Mouftaou Lalèye, Ambassadeur du Bénin près le Nigeria

En poste au Nigeria depuis environ huit (08) mois,  l’Ambassadeur Mouftaou Lalèyè est un universitaire et chercheur de formation qui a longtemps enseigné à l’Université d’Abomey-Calavi et dans plusieurs universités du Nigeria. Fin observateur des relations entre le Bénin et son grand voisin de l’Est, le Nigeria, l’ancien Directeur de la Cellule d’Analyses Politiques de l’Assemblée Nationale (Capan) parle à travers cet entretien de la Conférence des ambassadeurs qui s’est tenue à Cotonou du 26 au 28 février 2009 dernier. Il met en outre en relief  l’état des relations entre le Bénin et le Nigeria avec en ligne de mire la gestion du récurent problème de l’essence frelaté. 

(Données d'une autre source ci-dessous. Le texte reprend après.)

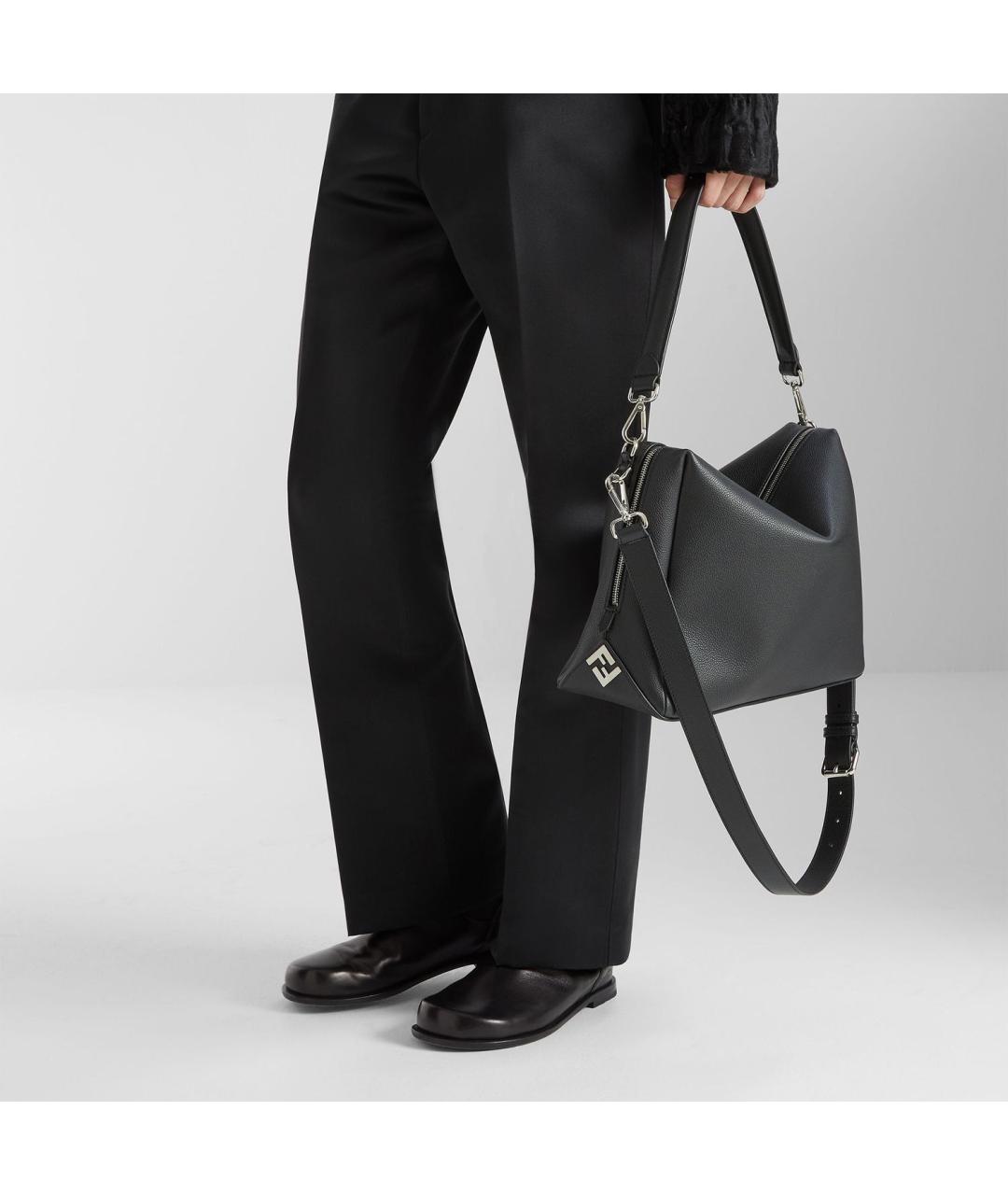 FENDI Черная кожаная сумка на плечо, фото 3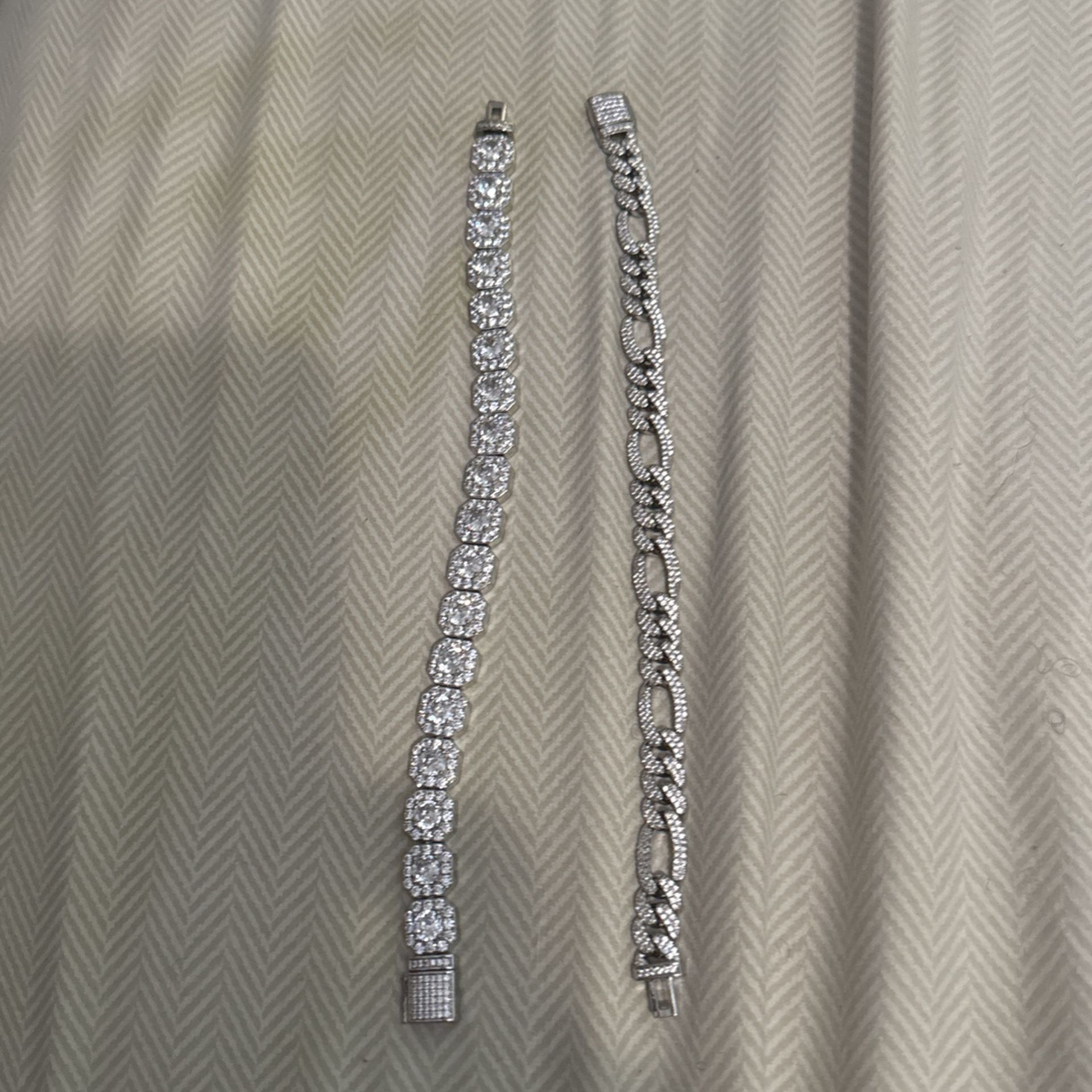 Two Diamond Zirconia Bracelets 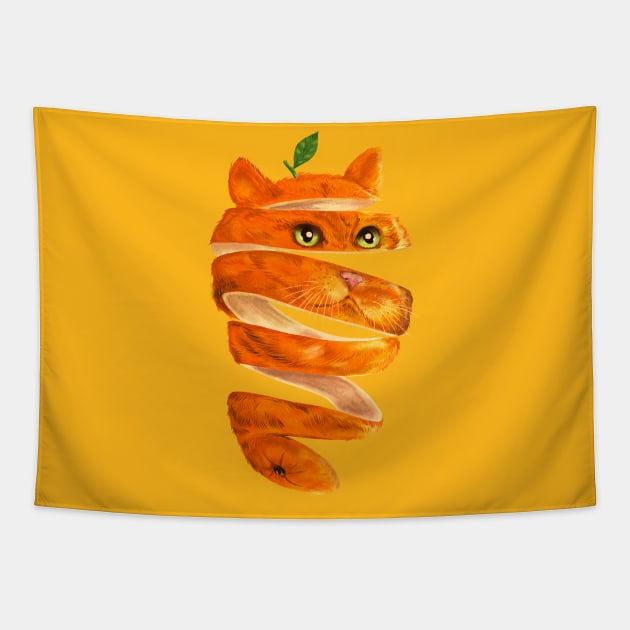 Orange Cat Tapestry by kookylove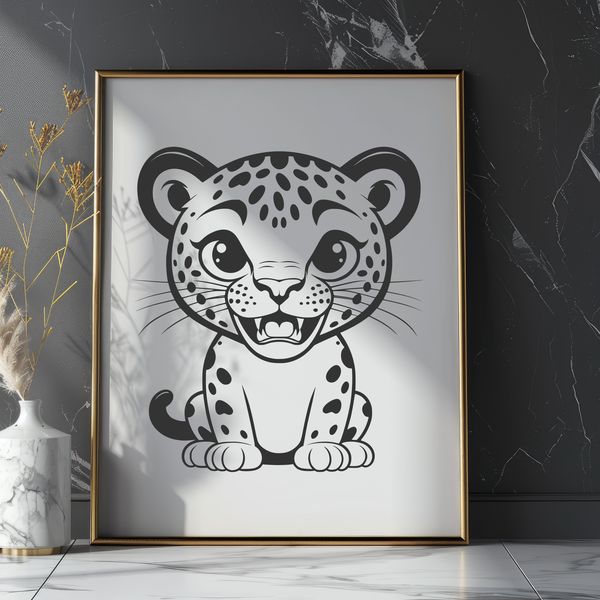 American Panther Clip Art SVG A large feline predator from the Americas, illustrated in vector format.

L’Evénement Précis: Excellence, comment se portent les relations entre le Bénin et le Nigeria ?
Mouftaou Lalèye:  Les relations entre le Bénin et le Nigeria se portent très bien, elles sont excellentes. Nos relations ne se gèrent pas sur le papier encore moins dans les banques. On a fait quelques études il y a quelques années et on a même pu dire que les chiffres officiels qu’on a sur les échanges, ont besoin d’être corrigés à la hausse pour plus de 56%. En réalité, les petites enquêtes que nous avons menées sur le terrain ont permis d’aller plus loin, de montrer que c’est toujours une sous-estimation de l’importance de ces relations. Ce que nous pouvons dire de façon générale est que le Bénin et le Nigeria sur le plan économique se partagent la prospérité malgré les problèmes qu’il y a. Malgré les difficultés dans lesquelles l’économie nigériane est entrée ces derniers temps, l’économie nigériane a été relativement prospère et on n’a pas senti de problèmes même si, sur le plan officiel, il y a une plus grande harmonisation des politiques entre les Etats c’est-à-dire par exemple, les produits qui sont prohibés au Nigeria, ne sont plus systématiquement objet d’importation au Bénin pour réexportation vers le Nigeria mais il n’en demeure pas moins que le commerce entre les deux pays a continué et il faut aussi constater que ces derniers temps, la baisse du Naira (Ndlr : monnaie du Nigeria) est un facteur qui favorise un peu les béninois en ce sens que ce qu’ils achètent au Nigeria leur reviennent moins cher mais c’est un peu aussi un mauvais facteur qui décourage les béninois parce que ce que les nigérians viennent acheter ici, ils le trouvent chers parce qu’ils achètent leur CFA avec beaucoup plus de Naira qu’avant. C’est donc de facto une dévaluation de la Naira qui les décourage et qui nous encourage nous, à aller acheter nos produits au Nigeria. Donc, c’est le train-train habituel entre nos deux économies. Il faut dire aussi qu’il y a aussi beaucoup plus d’efforts de formalisation, il y a beaucoup plus de sociétés nigérianes, des banques nigérianes qui essaient donc de chercher à s’installer au Bénin. Et le Bénin attire beaucoup grâce à la paix, la sécurité…et je crois que les perspectives sont encore plus meilleures pour ce que nous avons observé. Ça permet d’espérer que sur le plan économique, nous allons connaître un renforcement, une amélioration qualitative de nos relations.  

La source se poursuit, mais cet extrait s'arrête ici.